── Working data
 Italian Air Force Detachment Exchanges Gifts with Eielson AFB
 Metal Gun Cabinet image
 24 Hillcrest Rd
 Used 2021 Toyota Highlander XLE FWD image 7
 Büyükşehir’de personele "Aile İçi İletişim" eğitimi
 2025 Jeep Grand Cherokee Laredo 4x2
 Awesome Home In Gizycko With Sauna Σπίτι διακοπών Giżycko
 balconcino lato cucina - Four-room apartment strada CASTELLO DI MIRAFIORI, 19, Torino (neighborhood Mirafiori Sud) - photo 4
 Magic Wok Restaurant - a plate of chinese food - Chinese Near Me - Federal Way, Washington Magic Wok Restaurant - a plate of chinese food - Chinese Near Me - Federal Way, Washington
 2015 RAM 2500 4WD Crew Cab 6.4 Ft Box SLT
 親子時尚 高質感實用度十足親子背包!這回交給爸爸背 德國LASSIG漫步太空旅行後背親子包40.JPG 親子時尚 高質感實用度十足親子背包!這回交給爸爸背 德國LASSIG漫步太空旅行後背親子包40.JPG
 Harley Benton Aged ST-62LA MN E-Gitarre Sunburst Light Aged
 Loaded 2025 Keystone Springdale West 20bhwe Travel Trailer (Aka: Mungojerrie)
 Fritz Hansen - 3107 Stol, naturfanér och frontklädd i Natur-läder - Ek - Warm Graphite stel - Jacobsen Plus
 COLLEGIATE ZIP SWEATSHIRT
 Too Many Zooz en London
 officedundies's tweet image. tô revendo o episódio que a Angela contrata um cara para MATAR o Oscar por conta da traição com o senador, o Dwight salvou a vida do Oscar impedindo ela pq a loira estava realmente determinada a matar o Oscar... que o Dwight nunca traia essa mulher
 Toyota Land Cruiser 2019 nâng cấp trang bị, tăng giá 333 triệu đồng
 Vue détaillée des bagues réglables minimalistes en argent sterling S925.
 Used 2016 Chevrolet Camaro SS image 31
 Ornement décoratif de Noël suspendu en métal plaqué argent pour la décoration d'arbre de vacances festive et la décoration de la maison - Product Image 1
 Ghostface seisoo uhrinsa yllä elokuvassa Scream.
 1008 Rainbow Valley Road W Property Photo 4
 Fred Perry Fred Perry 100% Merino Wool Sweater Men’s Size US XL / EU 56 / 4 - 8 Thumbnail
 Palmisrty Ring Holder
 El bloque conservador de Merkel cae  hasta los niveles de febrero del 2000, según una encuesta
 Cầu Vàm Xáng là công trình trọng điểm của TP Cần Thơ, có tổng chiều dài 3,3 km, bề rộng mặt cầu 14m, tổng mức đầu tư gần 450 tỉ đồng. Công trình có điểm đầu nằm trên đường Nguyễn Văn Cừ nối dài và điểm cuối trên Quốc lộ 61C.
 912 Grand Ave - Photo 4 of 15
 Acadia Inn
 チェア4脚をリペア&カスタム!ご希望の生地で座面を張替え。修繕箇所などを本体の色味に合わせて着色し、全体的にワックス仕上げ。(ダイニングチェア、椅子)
────
◆ Work task:
Lines from the top of the entries above to the line that contains "balconcino lato cucina" should be set down exactly, please, with both ends kept and nothing added.

◆ Solution:
 Italian Air Force Detachment Exchanges Gifts with Eielson AFB
 Metal Gun Cabinet image
 24 Hillcrest Rd
 Used 2021 Toyota Highlander XLE FWD image 7
 Büyükşehir’de personele "Aile İçi İletişim" eğitimi
 2025 Jeep Grand Cherokee Laredo 4x2
 Awesome Home In Gizycko With Sauna Σπίτι διακοπών Giżycko
 balconcino lato cucina - Four-room apartment strada CASTELLO DI MIRAFIORI, 19, Torino (neighborhood Mirafiori Sud) - photo 4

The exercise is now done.